The benchmark suite consists of two settings, the first is 720p and the extreme is 1080p. This is then subdivided into three specific benchmarks.

Graphics test one is meant to test geometry, or how many triangles can be displayed in a given period of time. Graphics test 2 focuses on pure fill-rate and reduces the geometric load. Lastly, there is the physics test, which is mainly a CPU test. All three tests stress all areas to different degrees, but those are the key areas stressed.

I'm running ye olde Galaxy S II with a dual-core Cortex A9 CPU (1.2ghz) and a Mali-400MP GPU. My results were (on 1080p);

GT1 - 3.6fps
GT1 - 5.9fps
PT1 - 13.4fps

In my second post, I'll go over some Anandtech results.
 
Anandtech tested a few devices with this benchmark. Here's their results and my commentary. NOTE: They could not get it to run in a stable fashion on the Motorola RAZR i (Intel) nor the HTC One X (Snapdragon model).
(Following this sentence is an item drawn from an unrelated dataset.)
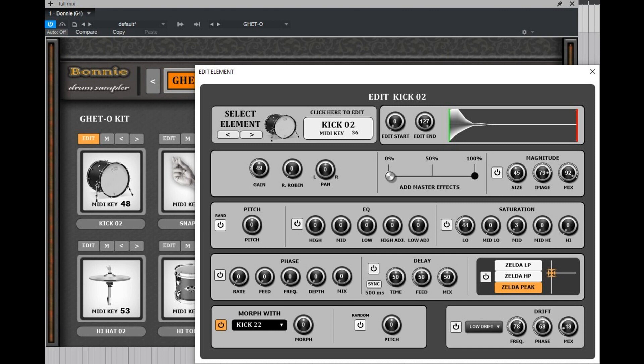Every slot in Bonnie has a full mixer page. It provides most of the traditional features per drum element that a producer might need and some exclusive features that you will not find everywhere.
These are anomalies and are expected on new software.

53947.png


In this test we're looking at geometric throughput. There are some anomalies here. Why the gap between the Nexus 4/HTC One and the Droid DNA/Optimus G given similar hardware? All of them use the Adreno 320 paired with LPDDR533 RAM. The key differences are CPU clock speeds, with the HTC One at 1.7ghz and the rest at 1.5ghz. We have two Adreno models at around 50fps, and two at around 36-37fps. Weird. The Mali T-604 is next with roughly 37fps, but the Nexus 10 is the only device using it. Would have liked to see multiple runs to see what's going on here (although Mali is typically behind Adreno/Tegra in geometric performance). After that we have the Adreno 225, the Adreno 305, the Tegra 3 (twice), and finally the Mali400MP slotted where I would expect them in these tests.


Graphics Test 2 tests pixel shader/fill-rate more than anything else. We're once again seeing the Nexus 4/HTC One and the Droid DNA/Optimus G separated. This is curious. The Nexus 10 falls slightly behind the second grouping despite fill-rate typically being Mali's strength (and the area where it kills Adreno in GLBenchmark). The remaining benchmarks also slot about the same as the previous test, with the exception of the Note II (Mali-400MP) moving up a few rungs.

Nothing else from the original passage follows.